An object with mass m is given an initial velocity $v\_{0}\leq 0$ in a medium that exerts a resistive force with magnitude proportional to the square of the speed.
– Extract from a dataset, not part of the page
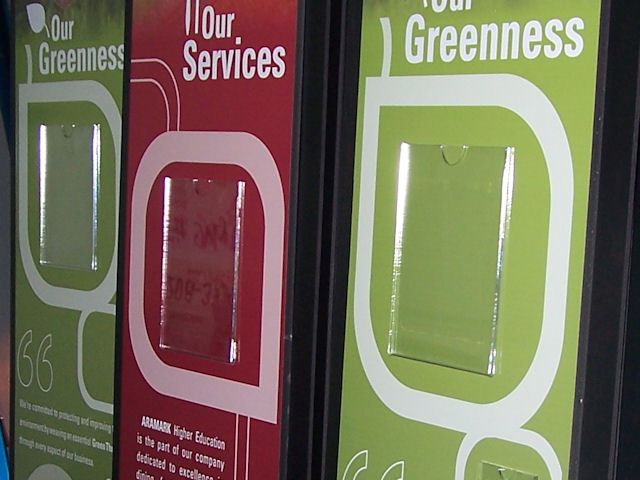 Clear acrylic pockets applied to the signs provide a way to dynamically change information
Find the velocity of the object for $t > 0$, and find its terminal velocity.

Practical Exercise Solution:

$m\frac{dv}{dt}=mg-kv^2$

 

$\frac{dv}{dt}=g-\frac{k}{m}v^2$

 

$\int\frac{dv}{g-\frac{k}{m}v^2}=\int\ dt$

 

$\frac{-ln[\frac{\frac{k}{m}v-\sqrt{\frac{gk}{m}}}{\frac{k}{m}v+\sqrt{\frac{gk}{m}}}]}{2\sqrt{\frac{gk}{m}}}=t+c$

$t=0; v=v_{0}; c=$

$\frac{-ln[\frac{\frac{k}{m}v_{0}-\sqrt{\frac{gk}{m}}}{\frac{k}{m}v_{0}+\sqrt{\frac{gk}{m}}}]}{2\sqrt{\frac{gk}{m}}}$

$\frac{-ln[\frac{\frac{k}{m}v-\sqrt{\frac{gk}{m}}}{\frac{k}{m}v+\sqrt{\frac{gk}{m}}}]}{2\sqrt{\frac{gk}{m}}}=t-\frac{-ln[\frac{\frac{k}{m}v_{0}-\sqrt{\frac{gk}{m}}}{\frac{k}{m}v_{0}+\sqrt{\frac{gk}{m}}}]}{2\sqrt{\frac{gk}{m}}}$

$ln[\frac{\frac{k}{m}v-\sqrt{\frac{gk}{m}}}{\frac{k}{m}v+\sqrt{\frac{gk}{m}}}]=-\beta t+ln[\frac{\frac{k}{m}v_{0}-\sqrt{\frac{gk}{m}}}{\frac{k}{m}v_{0}+\sqrt{\frac{gk}{m}}}]$

$ln[\frac{\frac{k}{m}v-\sqrt{\frac{gk}{m}}}{\frac{k}{m}v+\sqrt{\frac{gk}{m}}}*\frac{\frac{k}{m}v_{0}-\sqrt{\frac{gk}{m}}}{\frac{k}{m}v_{0}+\sqrt{\frac{gk}{m}}}]=e-\beta t$

$v=\alpha \frac{v_{0}(1+e^-\beta t)-\alpha(1-e^-\beta t)}{\alpha(1+e^-\beta t)-v_{0}(1-e^-\beta t)}$

where:

$\alpha = \sqrt{\frac{mg}{k}$ and $\beta = 2\sqrt{\frac{kg}{m}}$

$v_{t}={t\to\infty}; {e^-\beta t\to}0$

$v_{t}=\alpha\frac{v_{0}-\alpha}{\alpha-v_{0}}=-\alpha(\frac{v_{0}-\alpha}{v{0}-\alpha})=-\alpha$